As presented, Dominion’s 10-year plan was projected to cost approximately $6 billion, including financing, to be recovered from its customers. In this proceeding, Dominion sought approval for the first three-year phase of the plan, which had a total cost of approximately $1.5 billion, including financing. The parts of the plan the SCC approved will cost $154.5 million to be recovered for the first phase. The parts the SCC denied would have cost $1.34 billion for the first phase and $5.07 billion in total.
In its final order, the Commission said, “Dominion’s proposed plan is expensive, so it is important that Dominion’s customers receive adequate benefit for the costs they will bear in their monthly bills.”
With respect to the denied elements, the SCC agreed with the Consumer Counsel of the Office of Attorney General, which argued, “the plan as filed is significantly lacking in detail...” The SCC also agreed with a witness for environmental groups who testified, “As a complete package, the … plan is not cost-effective and will result in an economic loss for all customers.”

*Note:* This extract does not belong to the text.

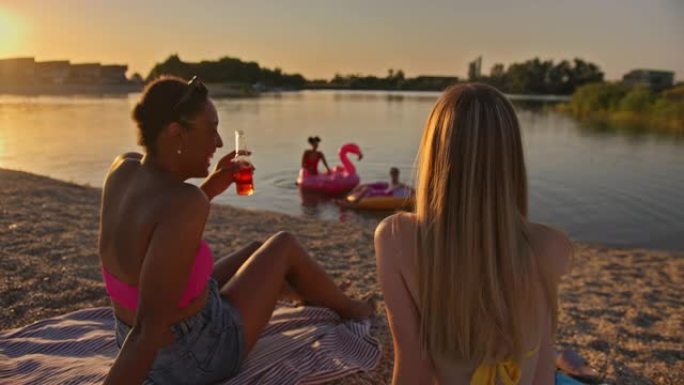 SLO MO两个年轻女人在海滩上度过美好时光时喝酒敬酒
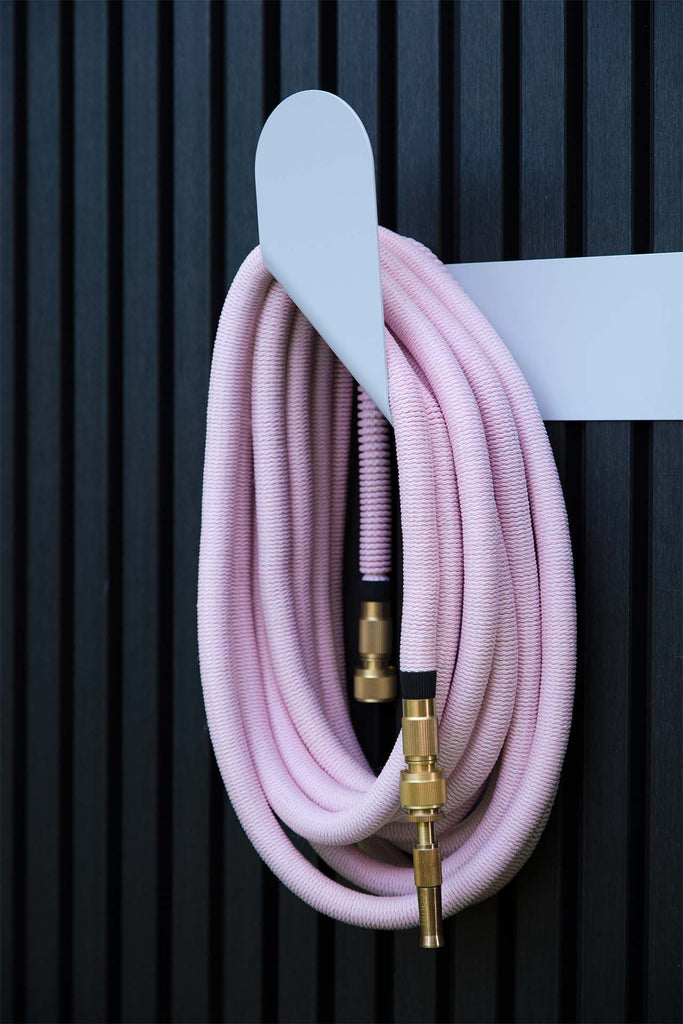 Fritz Tango Soft Expandable Garden Hose in pink, hanging gracefully on the sleek white Hendrix Hose Holder against a modern black panel wall. A perfect blend of function and style.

The Commission stated, “While we find the plan elements related to cyber and physical security are well-conceived, well-supported and cost-effective, we find that the remaining plan elements, which will cost customers hundreds of millions of dollars, are not.”
One of the costlier elements of the plan that the SCC denied was advanced metering infrastructure, known as smart meters. The Sierra Club, Environmental Respondents and Consumer Counsel all opposed Dominion’s smart meter proposal as not cost-effective. The SCC agreed with an environmental-group witness who testified, “…without a well-reasoned plan, this expensive equipment could … provide little to no benefit to customers.”
Other elements of the plan that were denied included, among other things, grid hardening provisions which involved replacing and rebuilding certain primary electricity line segments. Consumer Counsel and environmental groups all opposed these plan elements as not providing sufficient benefit for their large cost. The Commission agreed.
The Commission’s denial of certain elements of the plan was “without prejudice.” Dominion is free to seek approval for an amended or better supported plan in the future if the company chooses to do so.